Ian Tuttle of National Review Online profiles David Evan McMullin, the conservative whose longshot campaign has a remote chance of throwing the 2016 presidential race into turmoil.

… [I]f McMullin wins Utah and becomes the first third-party candidate to win electoral votes in 48 years, and if Hillary Clinton and Donald Trump, the two major-party nominees, split the other 532, no candidate would achieve the requisite 270 votes in the Electoral College, at which point, the campaign would turn to lobbying the House of Representatives, which would be tasked with selecting the next commander-in-chief. This, at least, is the theory.

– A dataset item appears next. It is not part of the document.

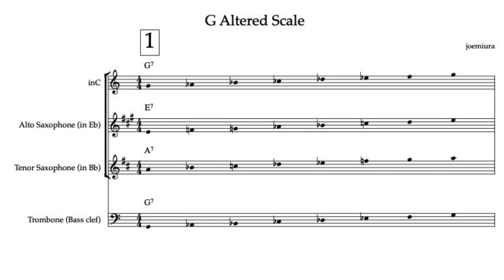Step 2: What notes are in the scale? The altered scale includes the root and all the altered tensions. Let's spell out the notes for G7 altered: G (root), A-flat (flat 9), B-flat (sharp 9), B (third, or C-flat), D-flat (flat 5), E-flat (flat 13), F (flat 7). Notice how it includes flat 9, sharp 9, flat 5, and flat 13. These tensions give the scale its unique, colorful sound.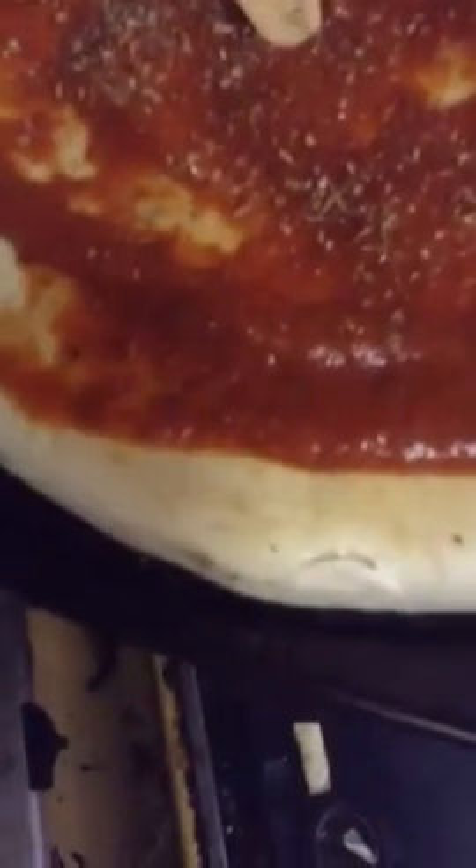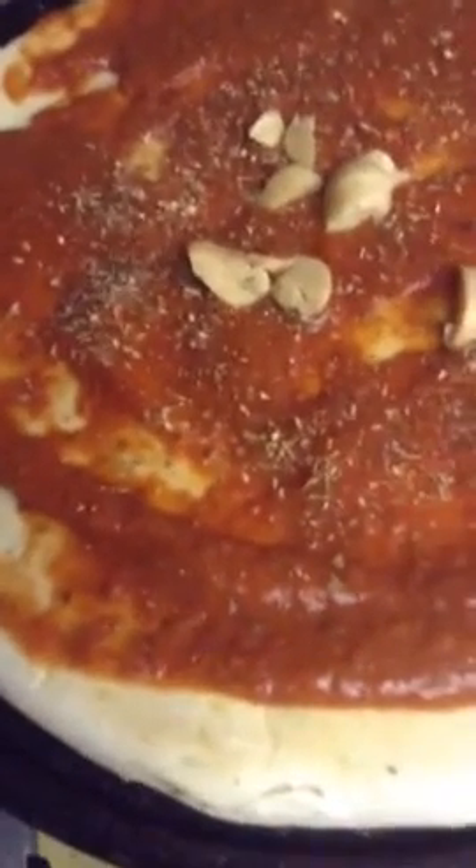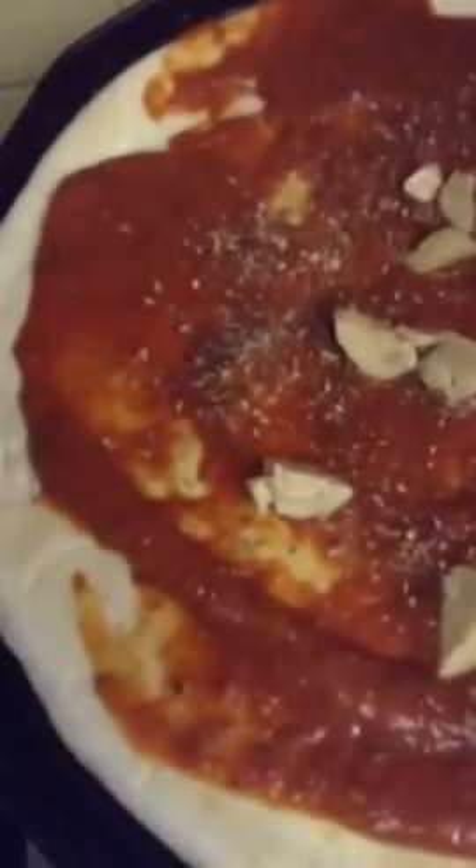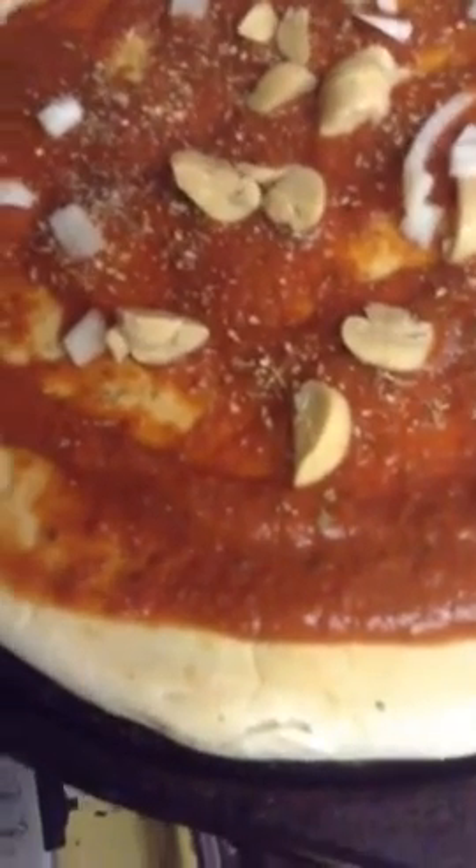Putting mushrooms on it. Onion. Going to bake it in a convection oven. Black olives.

McMullin is doing his part to make it reality. In mid October, polls suddenly showed a tight, three-way contest in a state that Republicans have not lost since 1964, with McMullin either in the lead or just behind Trump. That state of play appears to be holding. In case there was any doubt that the Trump campaign is concerned, Sean Hannity, Laura Ingraham, and Lou Dobbs all spent time last week attacking McMullin (Dobbs, indulging in a refreshingly honest moment of unveiled bigotry, suggested McMullin was part of a “Mormon Mafia”), and on Wednesday, Mike Pence flew in for a rally in Salt Lake City.

Once again, this is Utah we’re talking about.

Under normal circumstances, Evan McMullin would not be a likely presidential candidate. After graduating from BYU in 2001, he served for a decade in the CIA, including in clandestine operations overseas. In 2011, having obtained a MBA from Penn’s Wharton School of Business (perhaps you’ve heard of it?), he joined the investment-banking division at Goldman Sachs. Two years later, he became a senior adviser on national security for the House Committee on Foreign Affairs, where he served for a term before becoming the House Republican Conference’s chief policy director, a position from which he resigned in August. An impressive résumé, but not the sort that lays the groundwork for a plausible presidential run, which involves things like national name recognition, seven-figure fundraising, and rhetorical discipline, usually honed by long hours on the trail, campaigning for steadily loftier offices.

Of course, by these and the many other time-honored criteria, Donald Trump would not be an obvious presidential contender, either. But it turns out that, when you get Donald Trump, you also get Evan McMullin.